Birth Control- In More Ways than One

While we were working on the collaborative blog posts in class I was able to discuss multiple different relevant themes that could have been used for the post. While they were all ideas worth exploring, not all of them could be used in our collaborative blog post, just for the sake of time. I would like to explore one specific idea that we discussed further. In Clay’s Ark, when the people who live with the organism have children, the children do not look like what we think a baby would look like. They also don’t grow in the same way we would think of a normal child growing. They are covered in hair, and they are nimble and quick on their feet, especially for their age. They also have more peculiar aspects, like being able to sense the sex of a child while it’s still in the womb just by listening to its heart beat. When Keira and Rane each meet children who were born on the farm, Keira accepts them as they are, and Rane chooses to judge them. Rane’s judgement of the children reminds me of the discussion of reproductive health in Medical Apartheid. In both cases people believe that there are groups who should not reproduce, but for different reasons.

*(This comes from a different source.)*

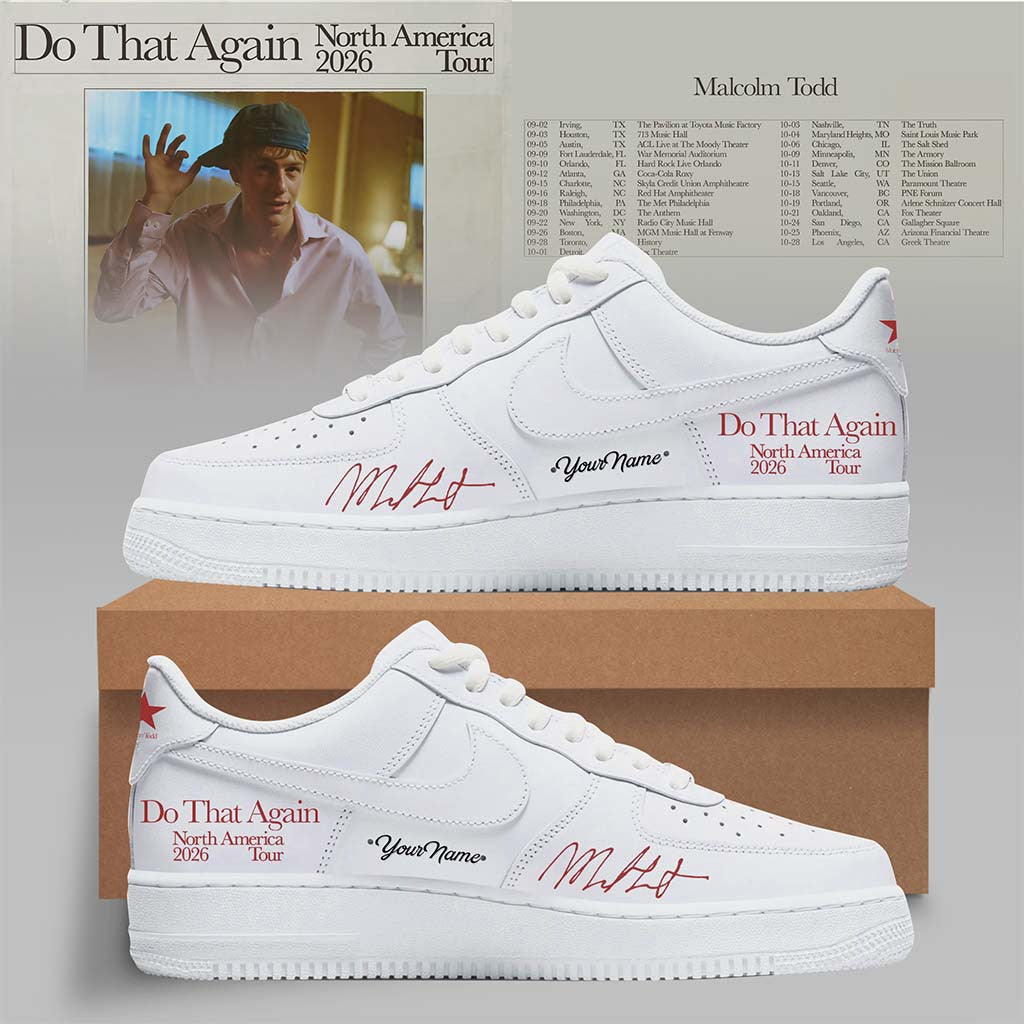 Personalized Malcolm Todd Do That Again Tour 2026 Shoes Sneakers Malcolm Todd Merch Fan Gifts - Merchluma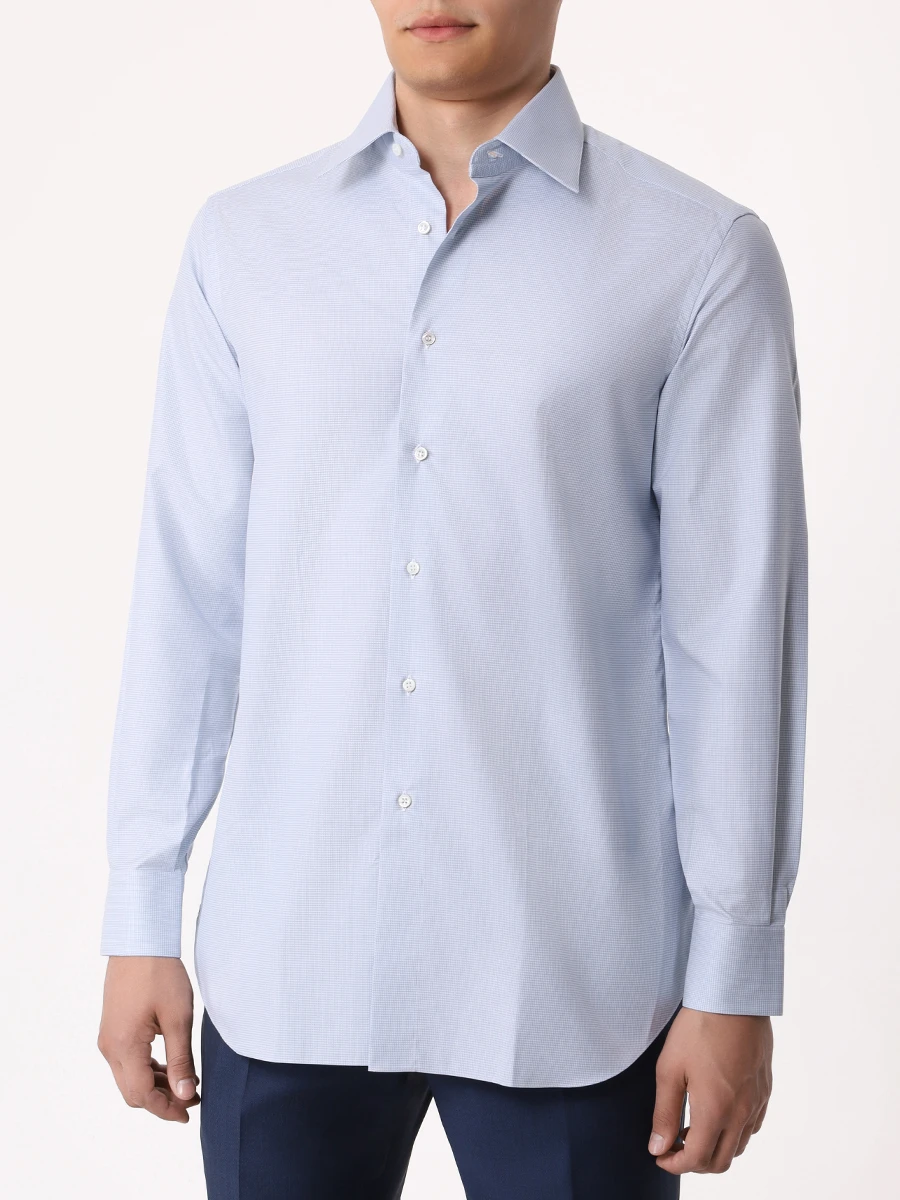 Рубашка Slim Fit хлопковая BRIONI RCL80T/0404B8700 Голубой  Фото 4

Rane and Keira automatically have very different responses to the children that live on the farm in Clay’s Ark. While Keira and Rane are separated they each get a chance to meet different children who have grown up on the farm. Keira meets Zera, and Keira tries to make her comfortable. When talking to Zera she even invites her to sit on her lap. Eli is the one who makes Zera get off of her, and to the judgement of Lorene, Zera’s mother. When Lorene asks Keira if she thinks she would be willing to have a child that looked like Zera she even says “I think I could handle it (Butler: 546).” On the other hand, when Rane meets Jacob, she doesn’t understand what he is or why he looks the way he does. She rejects the idea that she will ever have a child that looks like him, saying “I never cared so much for the idea of aborting children, but if I thought for a moment that I was carrying another Jacob, I’d be willing to abort it with an old wire coat hanger! (Butler 532).” This statement offends Stephen, who she is talking to when she says this. To reject having children just because they look a certain way is hurtful to the people on the farm, especially because they know she will either be overcome by the organism and start having children, or she will die in the process.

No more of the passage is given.